_EXERCISE_:
Retype all the records below exactly as they are, with no image carried over.

_RECORDS FOR THIS EXERCISE_:
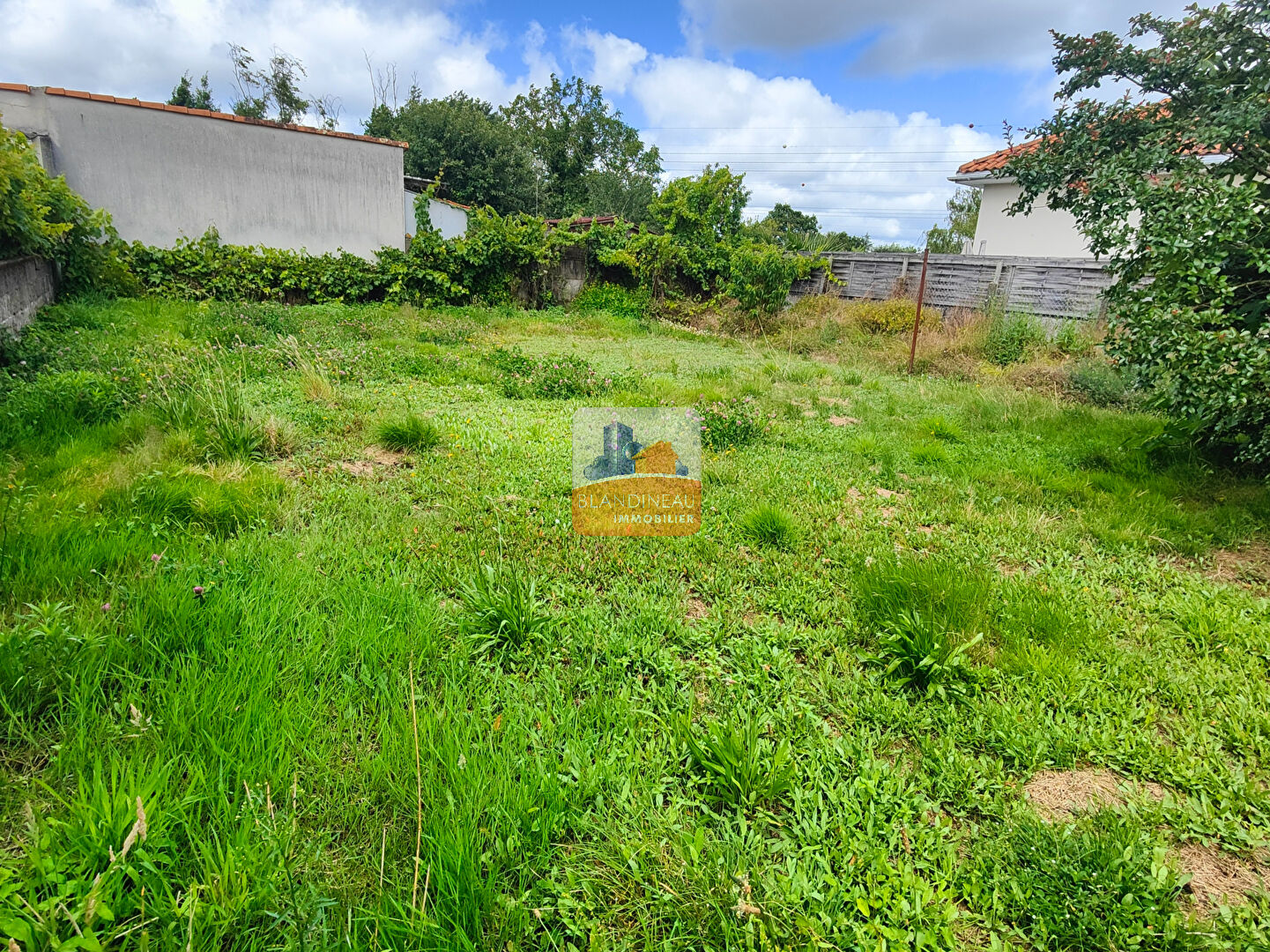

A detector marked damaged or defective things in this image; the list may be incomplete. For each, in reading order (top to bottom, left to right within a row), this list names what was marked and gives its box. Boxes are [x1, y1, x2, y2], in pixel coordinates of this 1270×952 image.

rusty metal post [903, 246, 934, 373]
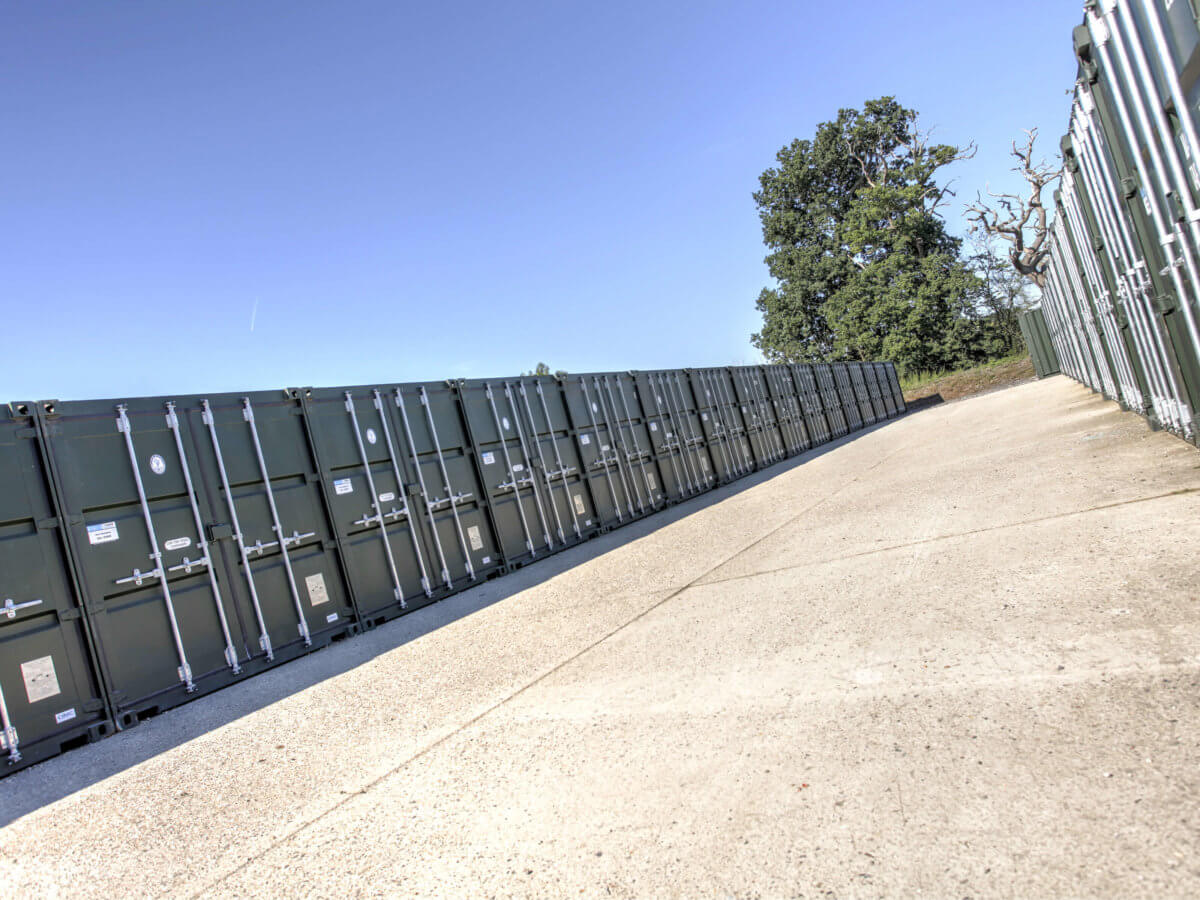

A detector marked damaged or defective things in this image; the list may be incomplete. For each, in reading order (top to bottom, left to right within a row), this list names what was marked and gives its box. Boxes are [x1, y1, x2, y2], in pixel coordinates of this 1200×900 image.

cracked concrete surface [2, 376, 1200, 897]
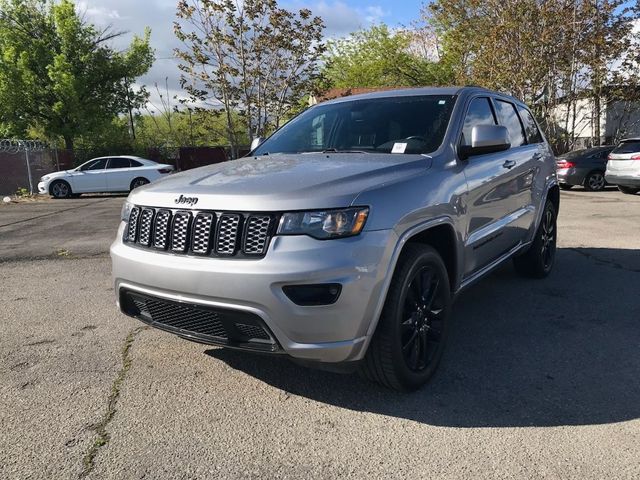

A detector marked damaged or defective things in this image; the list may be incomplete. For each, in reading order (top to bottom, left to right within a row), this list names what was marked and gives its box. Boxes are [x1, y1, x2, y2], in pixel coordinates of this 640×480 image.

cracked pavement [1, 189, 640, 478]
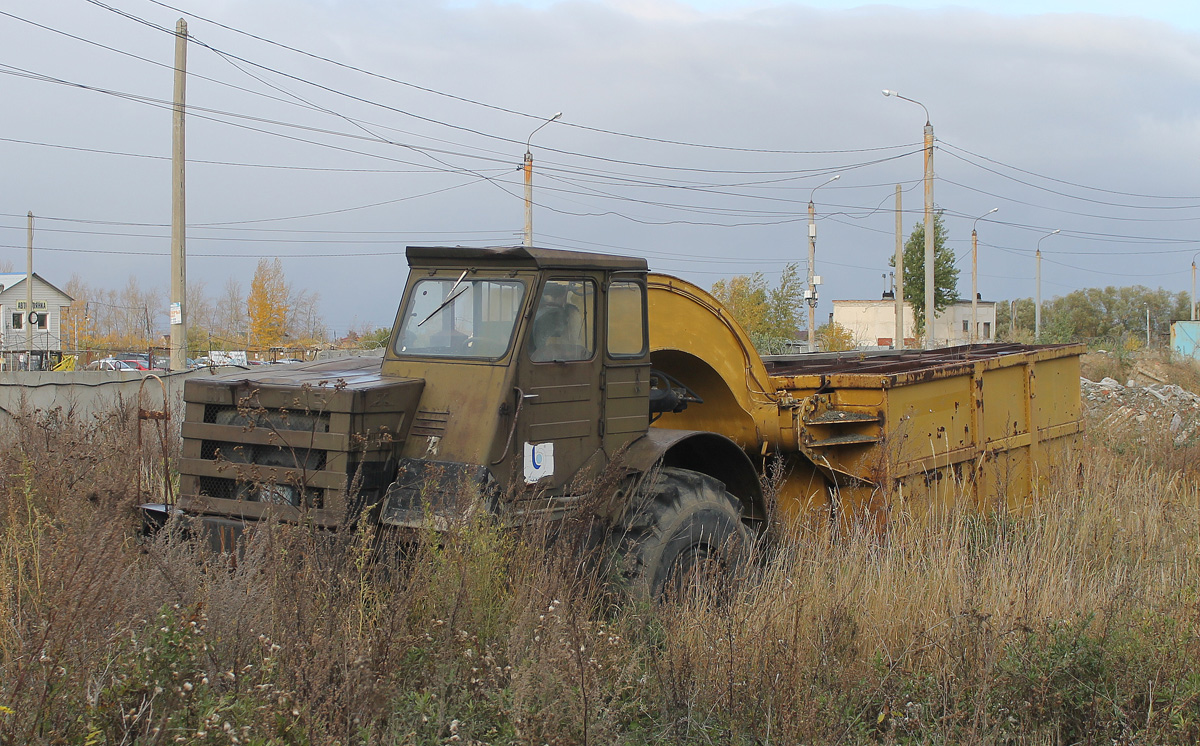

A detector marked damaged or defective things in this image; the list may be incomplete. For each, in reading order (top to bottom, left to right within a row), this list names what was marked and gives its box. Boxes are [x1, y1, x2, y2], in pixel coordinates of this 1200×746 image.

abandoned dump truck [171, 247, 1088, 596]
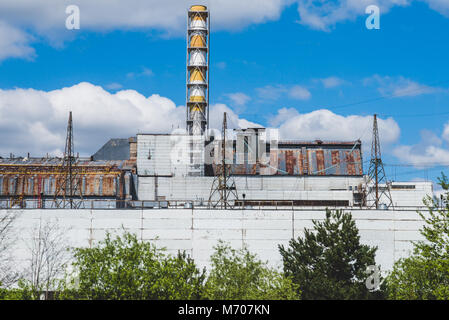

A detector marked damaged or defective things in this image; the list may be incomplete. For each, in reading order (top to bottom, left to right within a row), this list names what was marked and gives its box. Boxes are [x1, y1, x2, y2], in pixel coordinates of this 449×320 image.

rusty metal structure [209, 113, 240, 210]
rusty metal structure [366, 114, 394, 209]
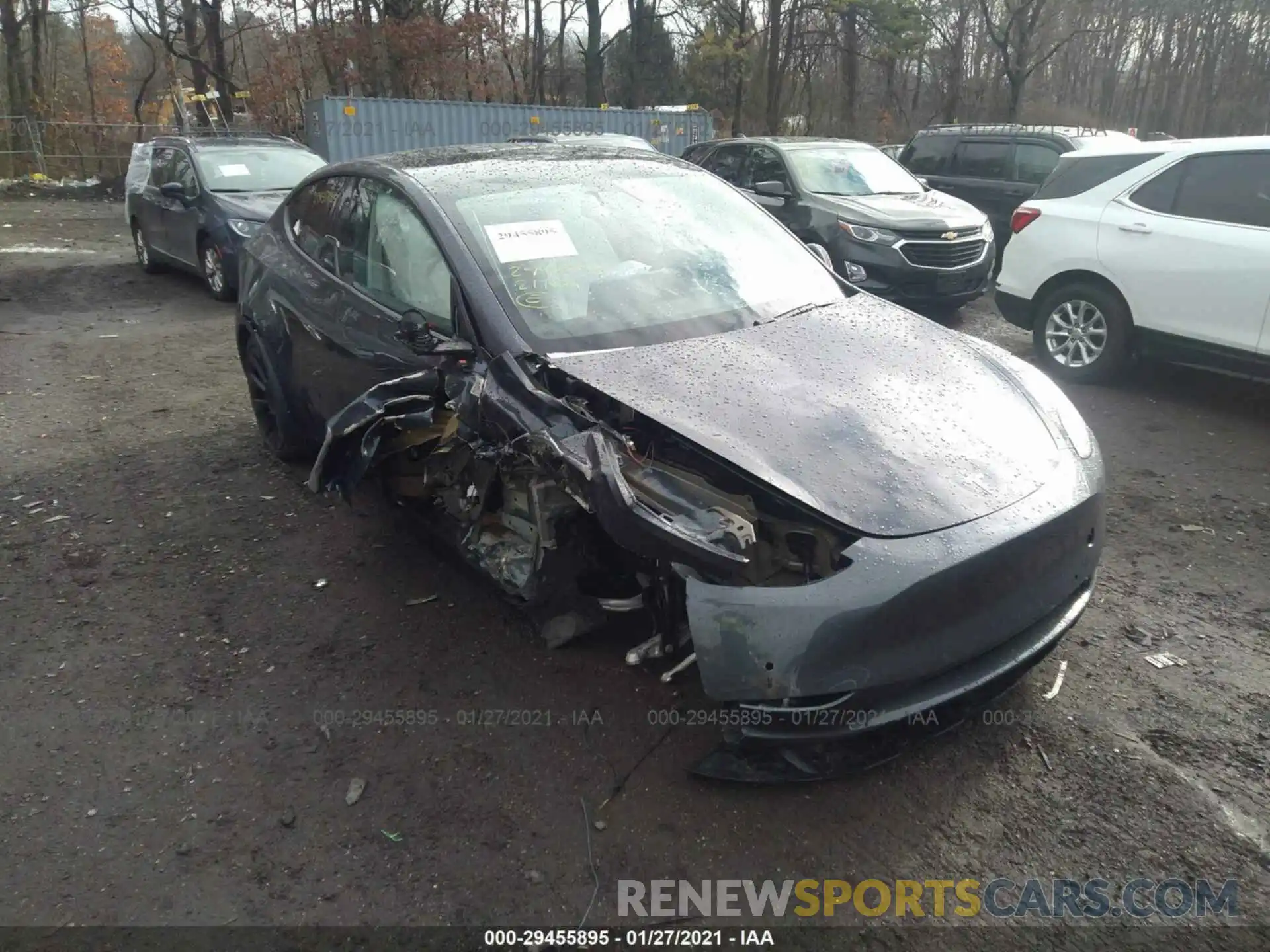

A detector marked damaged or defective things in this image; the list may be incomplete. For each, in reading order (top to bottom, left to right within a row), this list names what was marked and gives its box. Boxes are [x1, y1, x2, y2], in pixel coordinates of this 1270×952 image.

crushed headlight assembly [228, 218, 265, 237]
crushed headlight assembly [836, 221, 900, 246]
damaged tesla model y [235, 143, 1101, 783]
crumpled front bumper [677, 442, 1106, 719]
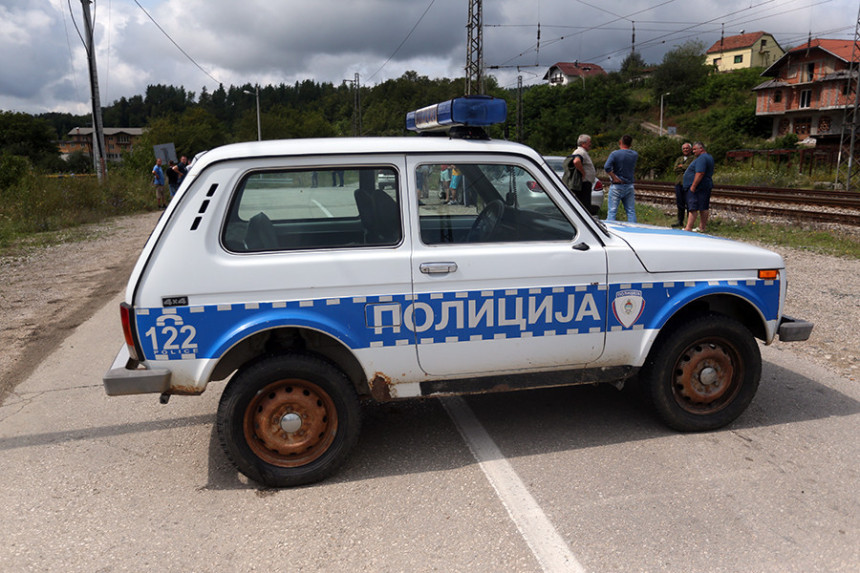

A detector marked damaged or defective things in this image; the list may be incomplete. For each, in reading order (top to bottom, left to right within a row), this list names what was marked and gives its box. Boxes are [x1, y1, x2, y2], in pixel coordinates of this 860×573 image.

rusty steel wheel rim [672, 338, 740, 414]
rusty steel wheel rim [244, 378, 338, 466]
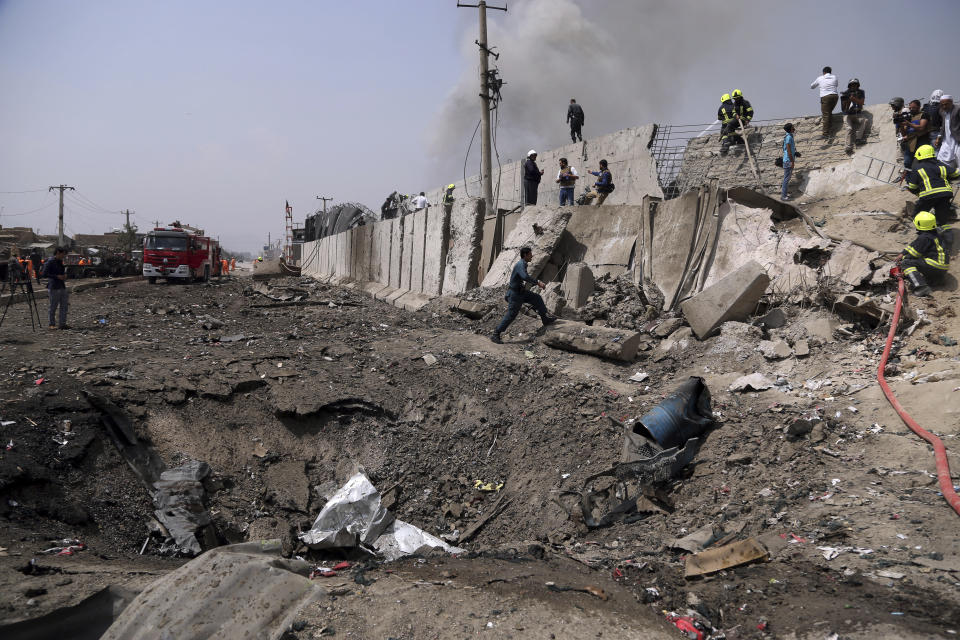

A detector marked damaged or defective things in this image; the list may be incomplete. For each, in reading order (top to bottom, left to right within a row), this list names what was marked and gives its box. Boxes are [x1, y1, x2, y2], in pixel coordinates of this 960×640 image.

_SOLUTION TO THIS TASK_:
A detector marked damaged or defective things in this image; the list may be incomplete. For each, in reading order (top to bottom, left to right within a row), this list names what was marked and gives its box. Boxes are [x1, y1, x2, y2], in pixel coordinates of this 1270×952 image.

rusty metal post [903, 246, 934, 373]

A detector marked damaged or defective things in this image; the list may be incomplete. For each, in reading order (top to bottom, left to right within a row), this list names what was marked and gives its box. Boxes are [x1, y1, x2, y2], in pixel coordinates of this 1200×900 image.

cracked concrete surface [2, 376, 1200, 897]

A detector marked damaged or defective things in this image; the list may be incomplete. For each, in reading order (top to bottom, left to right within a row), this list names what was marked and gives its box. Boxes are [x1, y1, x2, y2], in pixel coordinates of this 640×480 image.

cracked pavement [1, 189, 640, 478]

A detector marked damaged or defective things in this image; the list may be incomplete. For each, in reading order (top to bottom, left to right within a row), this list names what was marked and gives its box. Boxes are [x1, y1, x2, y2], in pixel coordinates of this 1200×746 image.

abandoned dump truck [171, 247, 1088, 596]

A detector marked damaged or defective things in this image; the list may be incomplete. For each, in reading order (top to bottom, left to right within a row), this list names what was marked and gives its box. Boxes are [x1, y1, x2, y2], in pixel coordinates of this 449×320 image.

rusty metal structure [209, 113, 240, 210]
rusty metal structure [366, 114, 394, 209]

A detector marked damaged or defective things in this image; the list may be incomplete. For each, in reading order (top to bottom, left to right within a row), this list names what was marked and gives its box. Boxes are [x1, y1, x2, y2], in pixel coordinates of this 1270×952 image.

crushed headlight assembly [228, 218, 265, 237]
crushed headlight assembly [836, 221, 900, 246]
damaged tesla model y [235, 143, 1101, 783]
crumpled front bumper [677, 442, 1106, 719]

A detector marked damaged or defective things in this image; the list may be incomplete. For each, in reading order (top to bottom, left to right within a row), this list names what was marked and gives its box. Boxes are [x1, y1, x2, y2], in pixel coordinates of this 860×573 image.

rusty steel wheel rim [672, 338, 740, 414]
rusty steel wheel rim [244, 378, 338, 466]

A detector marked damaged or defective things in this image; the list may be incomplete. For each, in reading order (top to bottom, left to right within a row), this list names what was marked and gives its box. Boxes are [x1, y1, x2, y2], in pixel coordinates of this 960×640 image.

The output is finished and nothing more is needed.